- Work order
Extract precisely the lines of the entries below, from the first line through the line containing "Vila Portugal Active Lima River".

Extracted data entries
◆ ◆ ◆

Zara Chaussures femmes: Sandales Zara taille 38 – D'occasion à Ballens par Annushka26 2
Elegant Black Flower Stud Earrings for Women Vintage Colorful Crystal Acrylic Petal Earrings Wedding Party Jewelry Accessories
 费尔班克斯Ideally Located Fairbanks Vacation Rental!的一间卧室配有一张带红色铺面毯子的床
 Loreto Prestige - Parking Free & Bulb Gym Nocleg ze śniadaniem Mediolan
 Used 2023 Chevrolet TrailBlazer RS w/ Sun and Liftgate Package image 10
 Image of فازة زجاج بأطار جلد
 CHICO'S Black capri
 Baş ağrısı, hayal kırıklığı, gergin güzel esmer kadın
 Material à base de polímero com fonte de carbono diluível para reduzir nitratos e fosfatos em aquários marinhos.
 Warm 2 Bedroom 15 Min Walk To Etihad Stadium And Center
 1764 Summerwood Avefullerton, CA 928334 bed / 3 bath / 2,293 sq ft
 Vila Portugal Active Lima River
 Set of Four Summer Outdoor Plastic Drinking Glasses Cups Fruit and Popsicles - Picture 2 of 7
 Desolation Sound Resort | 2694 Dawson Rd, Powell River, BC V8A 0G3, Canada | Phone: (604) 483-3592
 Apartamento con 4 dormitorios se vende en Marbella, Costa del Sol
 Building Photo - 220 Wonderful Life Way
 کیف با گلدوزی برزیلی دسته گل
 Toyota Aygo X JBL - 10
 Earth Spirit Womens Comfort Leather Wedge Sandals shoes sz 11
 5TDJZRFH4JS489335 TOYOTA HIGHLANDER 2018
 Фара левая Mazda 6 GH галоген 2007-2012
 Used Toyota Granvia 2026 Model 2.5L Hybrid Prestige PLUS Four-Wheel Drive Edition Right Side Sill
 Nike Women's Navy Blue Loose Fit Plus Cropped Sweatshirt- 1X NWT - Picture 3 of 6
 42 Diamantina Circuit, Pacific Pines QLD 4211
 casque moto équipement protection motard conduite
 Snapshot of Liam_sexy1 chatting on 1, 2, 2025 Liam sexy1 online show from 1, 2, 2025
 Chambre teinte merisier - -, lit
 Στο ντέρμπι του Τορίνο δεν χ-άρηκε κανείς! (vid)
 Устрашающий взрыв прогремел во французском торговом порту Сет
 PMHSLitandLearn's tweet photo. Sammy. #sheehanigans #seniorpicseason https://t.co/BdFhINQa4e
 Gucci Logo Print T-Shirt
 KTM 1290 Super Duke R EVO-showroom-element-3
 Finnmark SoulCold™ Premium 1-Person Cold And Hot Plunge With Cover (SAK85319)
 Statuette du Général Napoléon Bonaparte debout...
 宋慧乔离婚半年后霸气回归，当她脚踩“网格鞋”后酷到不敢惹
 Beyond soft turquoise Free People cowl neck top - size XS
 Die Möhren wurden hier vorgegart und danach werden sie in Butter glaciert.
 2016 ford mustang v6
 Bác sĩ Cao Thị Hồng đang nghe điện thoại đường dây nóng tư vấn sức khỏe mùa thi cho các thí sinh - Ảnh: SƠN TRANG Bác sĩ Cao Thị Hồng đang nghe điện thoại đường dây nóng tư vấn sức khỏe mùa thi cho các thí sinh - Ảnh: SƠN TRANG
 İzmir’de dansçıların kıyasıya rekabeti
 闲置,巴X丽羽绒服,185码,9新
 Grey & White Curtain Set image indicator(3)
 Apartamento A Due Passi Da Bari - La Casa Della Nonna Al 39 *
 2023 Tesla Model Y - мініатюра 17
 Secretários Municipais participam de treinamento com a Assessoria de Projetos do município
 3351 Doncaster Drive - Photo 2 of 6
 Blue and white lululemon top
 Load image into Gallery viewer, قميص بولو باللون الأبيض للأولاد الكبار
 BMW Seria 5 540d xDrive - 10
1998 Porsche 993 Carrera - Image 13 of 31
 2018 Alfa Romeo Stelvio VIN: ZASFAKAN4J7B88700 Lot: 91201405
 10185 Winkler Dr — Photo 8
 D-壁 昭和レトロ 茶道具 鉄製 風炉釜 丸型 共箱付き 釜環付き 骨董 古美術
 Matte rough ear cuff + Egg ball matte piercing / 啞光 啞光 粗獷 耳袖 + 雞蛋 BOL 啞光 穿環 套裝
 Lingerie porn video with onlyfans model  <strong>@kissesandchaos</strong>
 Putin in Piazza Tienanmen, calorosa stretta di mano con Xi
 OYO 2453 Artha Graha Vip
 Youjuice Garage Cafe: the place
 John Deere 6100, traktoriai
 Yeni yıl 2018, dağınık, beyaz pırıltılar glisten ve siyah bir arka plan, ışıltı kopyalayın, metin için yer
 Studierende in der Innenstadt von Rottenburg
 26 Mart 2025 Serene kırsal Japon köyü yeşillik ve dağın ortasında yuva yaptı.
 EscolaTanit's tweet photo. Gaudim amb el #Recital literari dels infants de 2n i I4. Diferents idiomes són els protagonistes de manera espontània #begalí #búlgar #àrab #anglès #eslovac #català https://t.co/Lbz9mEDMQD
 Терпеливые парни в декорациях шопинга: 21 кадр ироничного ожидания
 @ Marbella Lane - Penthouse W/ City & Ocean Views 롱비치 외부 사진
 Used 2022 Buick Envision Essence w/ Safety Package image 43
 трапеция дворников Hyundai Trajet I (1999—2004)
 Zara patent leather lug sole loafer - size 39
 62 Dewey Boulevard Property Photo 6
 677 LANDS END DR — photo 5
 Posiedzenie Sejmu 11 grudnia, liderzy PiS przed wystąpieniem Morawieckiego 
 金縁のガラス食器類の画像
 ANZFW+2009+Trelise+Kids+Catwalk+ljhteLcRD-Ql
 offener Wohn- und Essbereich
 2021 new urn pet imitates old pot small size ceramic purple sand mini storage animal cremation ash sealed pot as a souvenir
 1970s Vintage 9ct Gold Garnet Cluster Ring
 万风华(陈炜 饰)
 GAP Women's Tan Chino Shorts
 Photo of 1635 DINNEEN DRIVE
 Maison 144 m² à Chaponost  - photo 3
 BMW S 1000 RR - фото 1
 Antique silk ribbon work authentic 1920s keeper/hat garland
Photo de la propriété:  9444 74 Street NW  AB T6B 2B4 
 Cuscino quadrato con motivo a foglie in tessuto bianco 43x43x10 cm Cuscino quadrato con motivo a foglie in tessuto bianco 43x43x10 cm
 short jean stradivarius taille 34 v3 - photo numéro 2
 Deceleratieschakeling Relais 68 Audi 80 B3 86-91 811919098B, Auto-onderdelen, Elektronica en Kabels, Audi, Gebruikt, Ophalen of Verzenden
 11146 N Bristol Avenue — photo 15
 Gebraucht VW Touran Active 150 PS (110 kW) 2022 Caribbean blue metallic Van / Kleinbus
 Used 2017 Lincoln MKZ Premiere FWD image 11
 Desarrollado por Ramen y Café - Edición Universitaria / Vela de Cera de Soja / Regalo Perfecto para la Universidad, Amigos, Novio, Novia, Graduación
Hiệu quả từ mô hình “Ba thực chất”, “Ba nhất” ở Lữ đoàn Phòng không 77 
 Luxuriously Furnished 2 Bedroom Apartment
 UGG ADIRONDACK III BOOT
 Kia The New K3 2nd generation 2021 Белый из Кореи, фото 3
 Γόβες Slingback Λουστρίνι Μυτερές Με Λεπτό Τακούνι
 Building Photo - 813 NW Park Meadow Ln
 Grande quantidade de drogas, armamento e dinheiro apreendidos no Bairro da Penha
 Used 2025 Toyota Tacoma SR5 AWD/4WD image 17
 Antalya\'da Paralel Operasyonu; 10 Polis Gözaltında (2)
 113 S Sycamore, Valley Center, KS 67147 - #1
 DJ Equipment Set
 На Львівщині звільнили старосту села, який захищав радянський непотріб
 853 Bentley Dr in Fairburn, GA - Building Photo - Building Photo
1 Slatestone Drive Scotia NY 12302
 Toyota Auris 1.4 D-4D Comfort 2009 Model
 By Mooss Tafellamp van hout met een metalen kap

◆ ◆ ◆

- Solution to the problem
Zara Chaussures femmes: Sandales Zara taille 38 – D'occasion à Ballens par Annushka26 2
Elegant Black Flower Stud Earrings for Women Vintage Colorful Crystal Acrylic Petal Earrings Wedding Party Jewelry Accessories
 费尔班克斯Ideally Located Fairbanks Vacation Rental!的一间卧室配有一张带红色铺面毯子的床
 Loreto Prestige - Parking Free & Bulb Gym Nocleg ze śniadaniem Mediolan
 Used 2023 Chevrolet TrailBlazer RS w/ Sun and Liftgate Package image 10
 Image of فازة زجاج بأطار جلد
 CHICO'S Black capri
 Baş ağrısı, hayal kırıklığı, gergin güzel esmer kadın
 Material à base de polímero com fonte de carbono diluível para reduzir nitratos e fosfatos em aquários marinhos.
 Warm 2 Bedroom 15 Min Walk To Etihad Stadium And Center
 1764 Summerwood Avefullerton, CA 928334 bed / 3 bath / 2,293 sq ft
 Vila Portugal Active Lima River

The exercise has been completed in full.